#### Data in this exercise ####

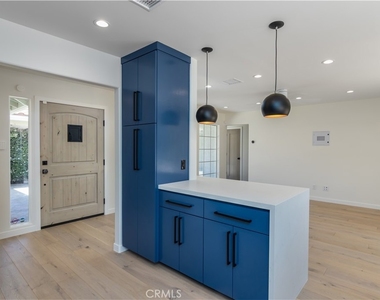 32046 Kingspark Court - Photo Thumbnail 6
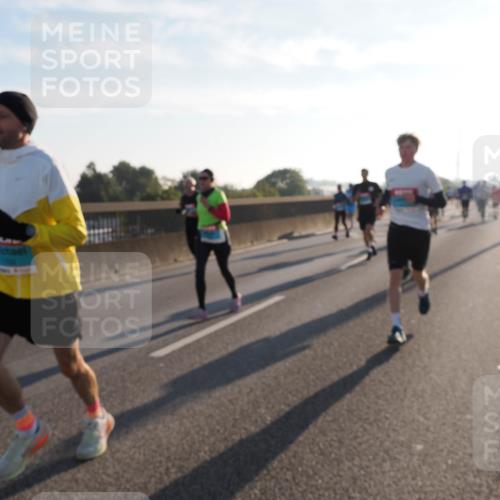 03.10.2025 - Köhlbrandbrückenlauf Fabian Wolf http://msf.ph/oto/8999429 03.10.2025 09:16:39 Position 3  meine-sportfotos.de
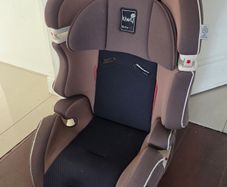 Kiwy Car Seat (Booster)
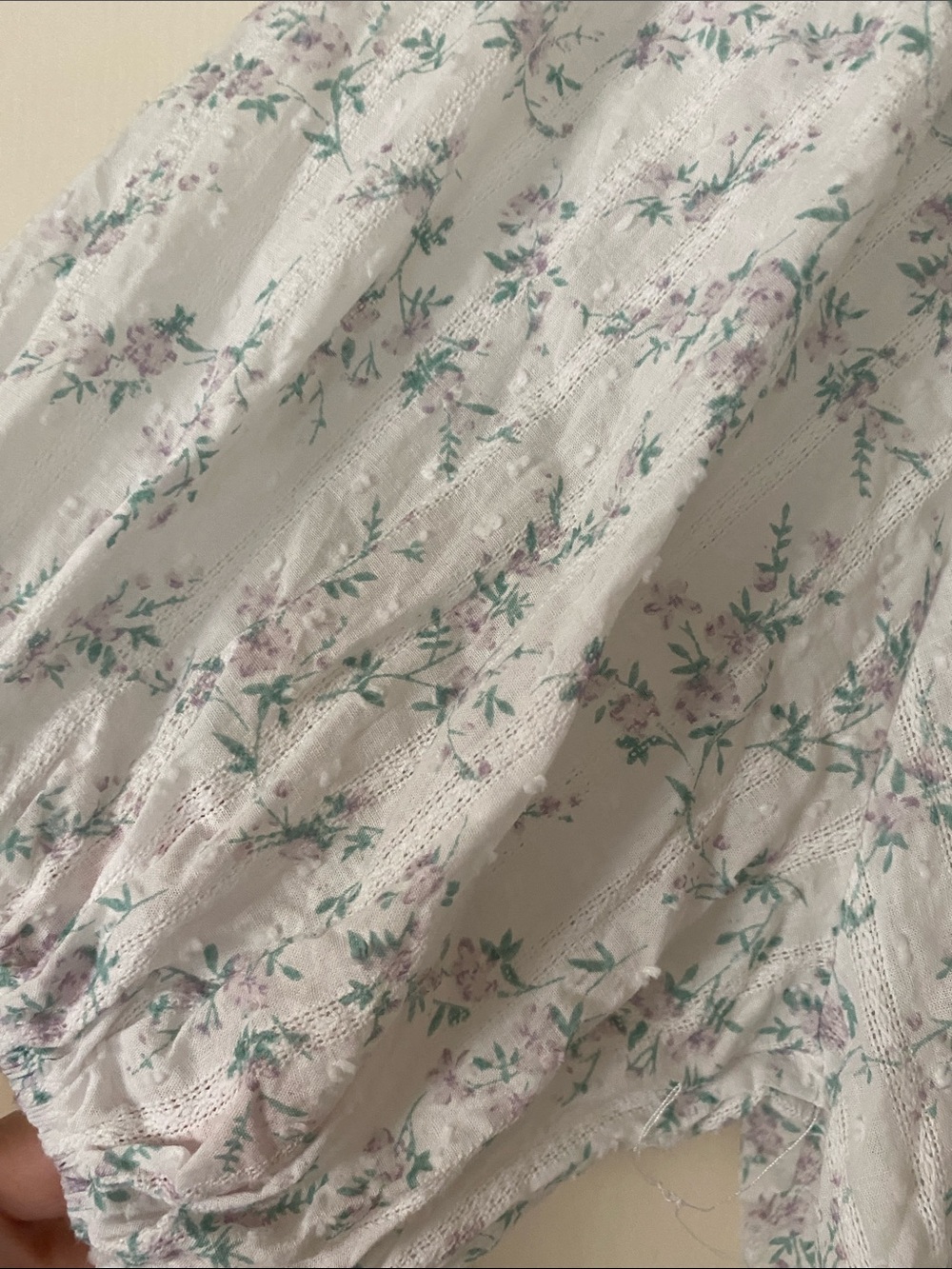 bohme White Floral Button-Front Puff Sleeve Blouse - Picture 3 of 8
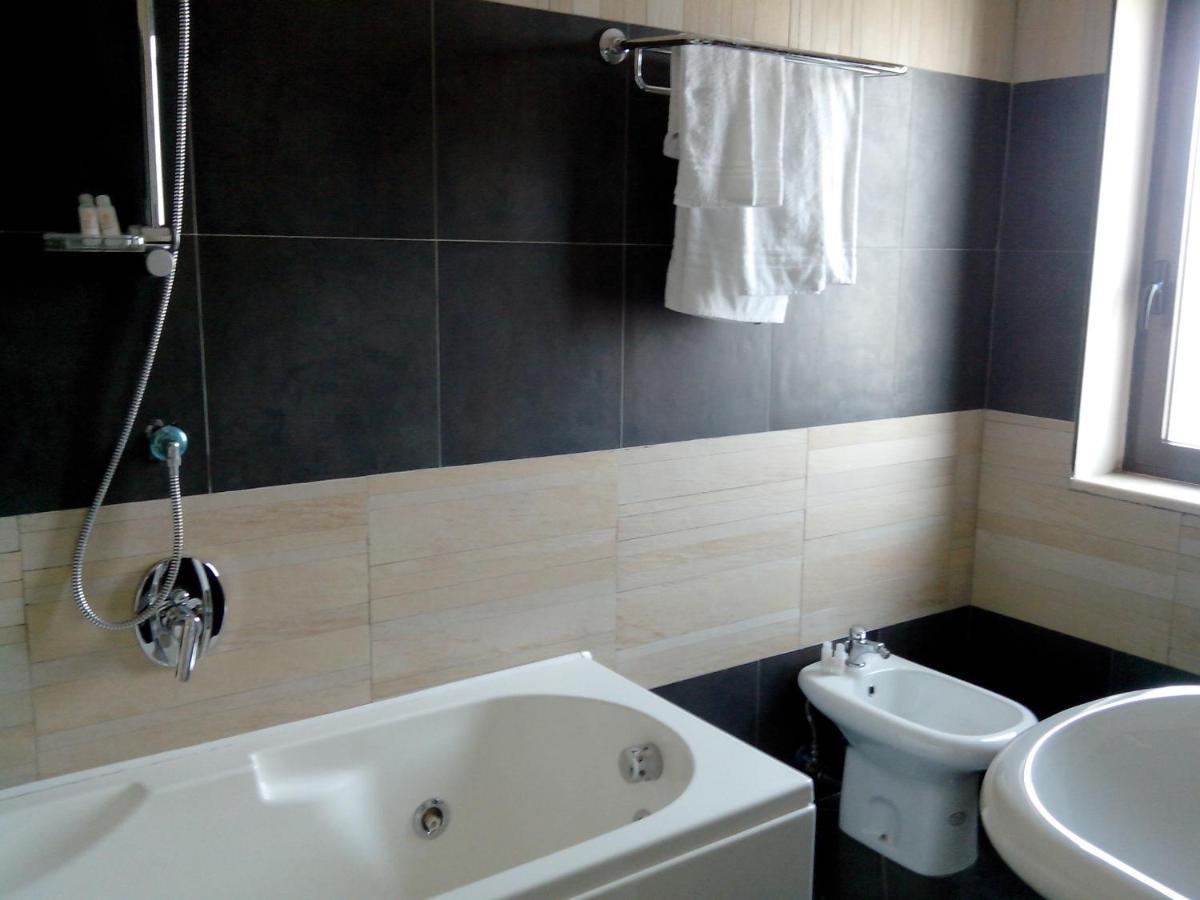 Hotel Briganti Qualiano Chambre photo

####
#### Data in this exercise ####

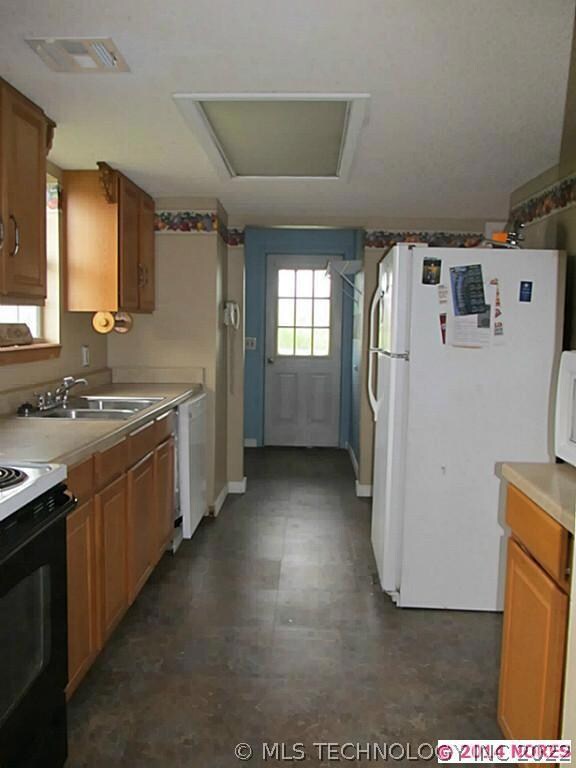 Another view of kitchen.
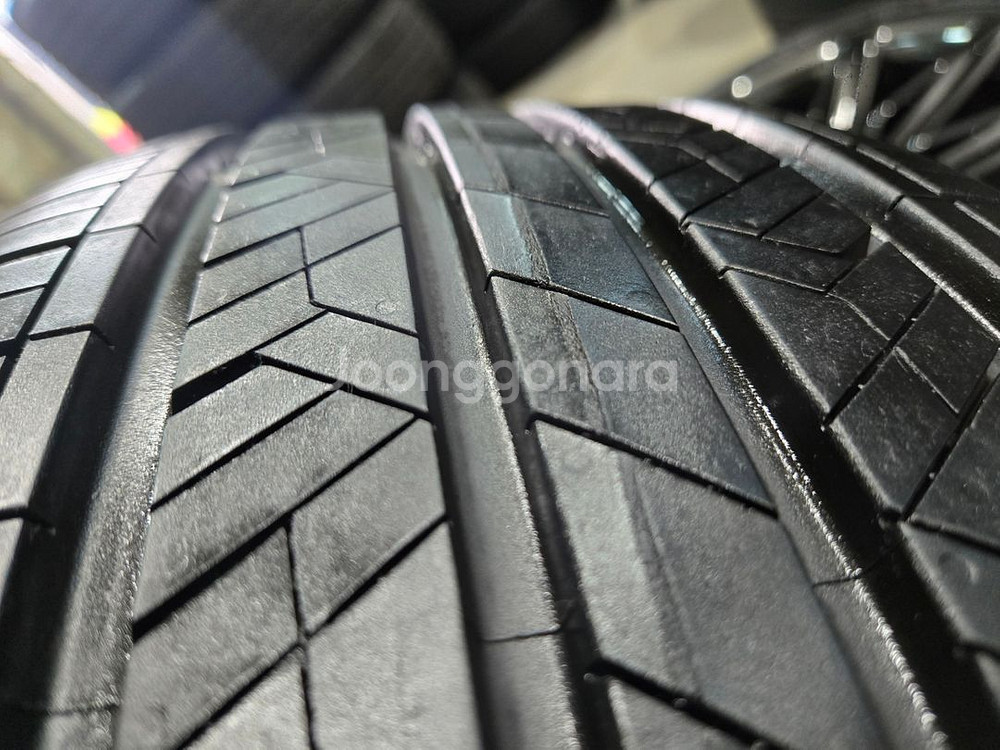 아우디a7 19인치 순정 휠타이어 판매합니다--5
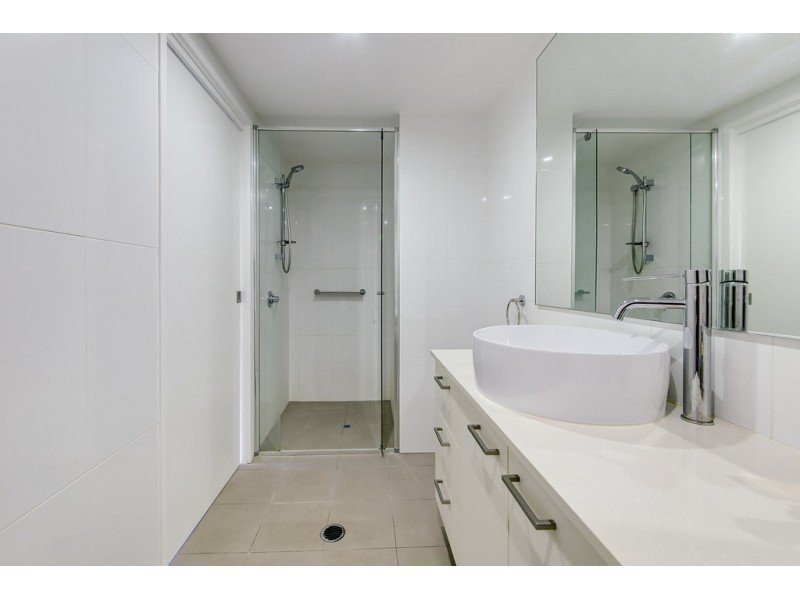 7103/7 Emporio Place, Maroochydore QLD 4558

####

**Task goal**. Once the line with "32046 Kingspark Court - Photo Thumbnail 6" is found in the data above, reproduce it and each line after it exactly, through the line with "Hotel Briganti Qualiano Chambre photo". Omit the pictures.

**Output**.
 32046 Kingspark Court - Photo Thumbnail 6
 03.10.2025 - Köhlbrandbrückenlauf Fabian Wolf http://msf.ph/oto/8999429 03.10.2025 09:16:39 Position 3  meine-sportfotos.de
 Kiwy Car Seat (Booster)
 bohme White Floral Button-Front Puff Sleeve Blouse - Picture 3 of 8
 Hotel Briganti Qualiano Chambre photo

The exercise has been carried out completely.